FreeBSD vs Linux

Dick Davies rasputnik at
Wed Jan 18 10:10:12 PST 2006

On 18/01/06, Martin Tournoy <carpetsmoker at> wrote:

> > So what? That's exactly the same for FreeBSD, even it's core apps.
> > And vendors rush to support MS' new OSes.

> There's a very big dump of unmaintained software, whenever I want to
> play an old "classic" game like c&c, x-com or even system shock
> 2(which is from '99) I have serious problems, and have to resort to
> emulation software (which is quite different from compat4x for
> example, which is compatibility and not emulation)

I'm not disputing that, I'm just saying rebuilding world so top still works
with a new kernel might not be that much of a leap forward.

[Incidentally, breaking backwards compatibilty was a conscious decision by MS,
according to:

(briefly, they'd always tried hard to support older apps, which
is where a lot of windows 'bloat' comes from. They dropped that fairly
recently, and people (developers) are very unhappy about it)

> > Have you ever brought 4.x up to 6.x? It doesn't sound like it.

> Note that I used "much easy er" and not "easy"

:) All I'm saying is these are universal problems.

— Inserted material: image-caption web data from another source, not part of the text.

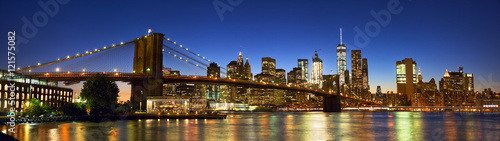 Brooklyn Bridge panorama with Manhattan skyline at dusk  New York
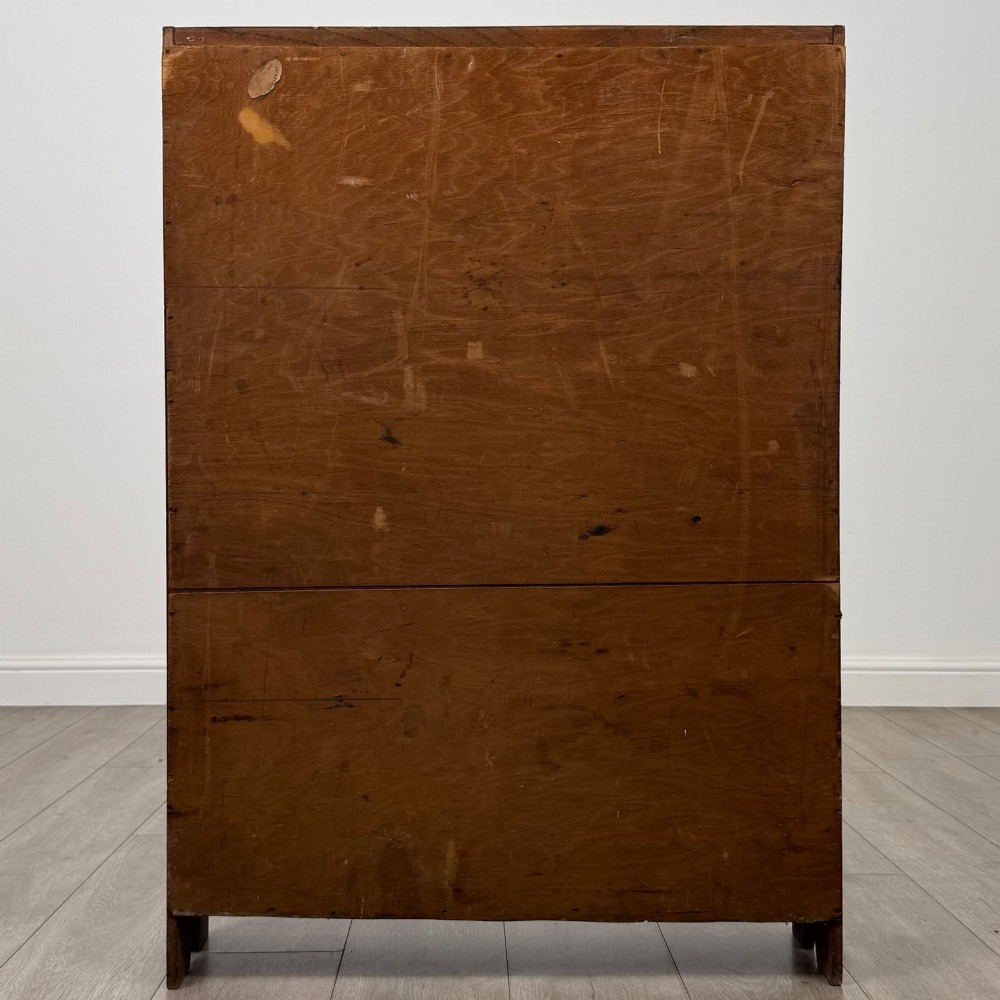 An Edwardian dark oak open bookcase featuring four fixed shelves and shaped side panels. View VI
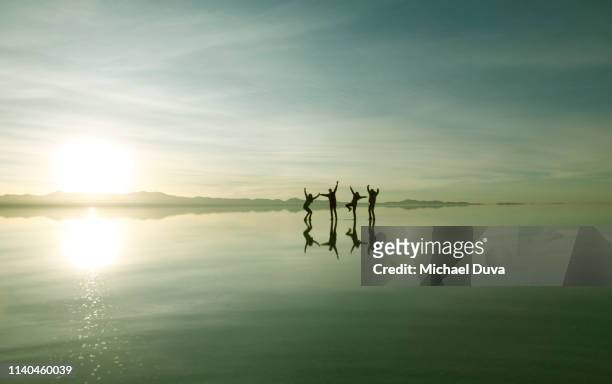 people with arms up on magical background - salar de uyuni stock pictures, royalty-free photos & images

> > Try updating 200 FreeBSD boxes, then try the same with a decent
> > imaging system for windows.
> Shell script...?

as in: 'a simple matter of programming'....? :)
My point is you need to write it, whereas you can get a supported solution
for MS off the shelf. That sort of thing matters to an IT manager/director, and
they decide the budgets.

> > > Unix is for the masses, the only problem it has is a proper user friendly GUI.
> > Then it isn't for the masses. Deal with it.
> This really wasn't my point, what I tried to say was that UNIX isn't
> the "big user-unfriendly beast" some people like you to believe, and
> that it can serve as user-friendly desktop just as well as Windows can
> (MacOS is a good example of this)

True, but OSX doesn't expose the CLI to the same extent BSD does.
I wonder how many OSX users have subsequently started using BSD.

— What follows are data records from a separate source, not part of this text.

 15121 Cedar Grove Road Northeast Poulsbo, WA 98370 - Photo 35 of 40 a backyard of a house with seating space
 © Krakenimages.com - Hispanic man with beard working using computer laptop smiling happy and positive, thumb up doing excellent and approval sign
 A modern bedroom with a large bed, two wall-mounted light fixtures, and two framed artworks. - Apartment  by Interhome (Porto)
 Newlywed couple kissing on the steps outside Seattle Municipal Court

> > RBAC, SeLinux and MAC would indicate it's not flexible enough for
> > most people.

> Not flexible enough for some people that is, not most, every system
> has it's ups and downs, and the standard permissions work for just
> about all desktop PCs and most "hobby-servers"

But there is a need for that sort of granularity in many cases.
(I for one dislike running webservers as root just so they
can open port 80, for instance). It could be (and is) done better elsewhere,
but 'good enough' stops it becoming widespread.

> Never used Solaris so I can't say anything about their SMF, a (very)
> quick glance reminded me of linux...

check when you have a spare few hours, you'll be surprised.

> Anyway, rc isn't perfect, but it works for me, it atleast makes sense...

Yeah, I much prefer it to the sysvinit nonsense <shudder>.